Finally proves a high hard ferrite due to its abrasive effect and the associated increased Tool wear too as unfavorable for the Manufacturing process of the rotor.
outgoing From this prior art, it is an object of the invention with a liquid pump to provide an improved rotor. This task is done by a liquid pump according to claim 1, a rotor according to claim 13 and by a method of manufacturing a rotor according to claim 14 solved.
Disclosure of the invention
According to the invention a liquid pump an electric drive and a housing having disposed therein Rotor, wherein the rotor in an electrical section a Runner of the electric drive and hydraulic in a hydraulic section impeller forms. The rotor is as a two-component molded part with a the runner structure forming electrical component and an impeller structure forming hydraulic component. Due to the two-part construction The rotor simplifies manufacturing, as in each of the two Part injection processes significantly easier molded molded parts produced become. Thus, for example, the production is particularly filigree wing structures the hydraulic side facilitates.

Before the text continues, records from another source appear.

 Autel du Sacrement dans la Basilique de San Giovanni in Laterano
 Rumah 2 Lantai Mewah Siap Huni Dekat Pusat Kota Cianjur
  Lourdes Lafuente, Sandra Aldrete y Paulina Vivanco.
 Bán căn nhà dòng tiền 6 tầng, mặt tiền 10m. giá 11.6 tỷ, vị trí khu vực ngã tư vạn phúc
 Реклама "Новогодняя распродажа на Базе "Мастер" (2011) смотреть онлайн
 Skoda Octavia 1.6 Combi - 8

In an advantageous embodiment of the invention, it is provided that the two components have different material properties point. The first component consists of a magnetic material and the second component of a liquid and temperature-resistant plastic material. The use of different materials allows individual optimization of both rotor parts according to their respective task. In particular, a plastic material with special mechanical properties can be used for the hydraulic impeller, with the particularly filigree Flügelradkonturen can be formed. This allows a further optimization of the hydraulic side in terms of efficiency.
A another embodiment provides that the electrical component of the rotor from a Plastoferrit material exists. This material turns out due his sputtering ability as very suitable for creating a magnetic runner. by virtue of the separate production of electrical and hydraulic Side of the rotor it is possible a Plastoferrit material with a higher hard ferrite content use to improve the efficiency of the electric motor.

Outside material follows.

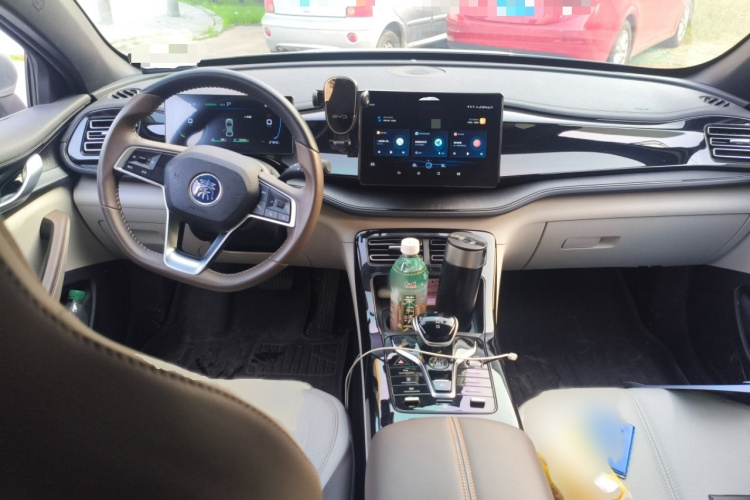 比亚迪 秦PLUS 2024款 荣耀版 DM-i 55KM领先型中控内饰7002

According to one another embodiment The hydraulic component of the rotor is polyphenylene sulfide. This material is suitable because of its injection molding and its material properties very well as material for the hydraulic rotor side. This can be desired Material properties of this plastic, such as his Sliding property or stability, especially easy by adding suitable additives even further improve.
A another embodiment provides that the two components using connection structures form-fitting interconnected with at least one connection structure as Driver for torque transmission between the components. Due to the positive connection will be a particularly strong connection between the two parts reached. With the help of the driver can also be a simple torque transmission will be realized. Finally leave Such connection structures are particularly easy to use realize used spraying process.
According to one another embodiment is the connection structure as a radially extending guide with a T-shaped Cross section formed. This cross-sectional shape allows a safe positive Connection between the parts. The axial alignment of the connection structure allows the Function as driver for transmission the torque of the rotor on the impeller.
A another embodiment provides that the bearing of the rotor in the housing using a plain bearing takes place, which is a a housing pin receiving axial bore in the hydraulic component. By selecting a suitable plastic material, the plain bearing without an additional Carbon bushing can be realized, reducing the manufacture of the rotor is simplified. Furthermore, it is provided that the axial bore at least partially within one in the electrical section of the rotor protruding bearing pin of the hydraulic component is trained. As a result, the storage distance is extended, which with a quiet and wear-free Storage is associated.
According to one another embodiment contains the material of the hydraulic component an additive that improves the sliding properties of the plain bearing. By a suitable Selection of additives can reduce the wear of the plain bearing and thus a maintenance-free sliding bearing can be realized. Provided, as in another embodiment the case, as an additive teflon, carbon fibers and / or carbon spheres used, improve the sliding properties of the bearing especially clear. By using carbon fiber as an additive Furthermore, an improvement in the mechanical strength of the hydraulic Part of the rotor achieved. In addition, the added carbon fibers can the common used to improve the mechanical properties of the rotor Replace glass fibers.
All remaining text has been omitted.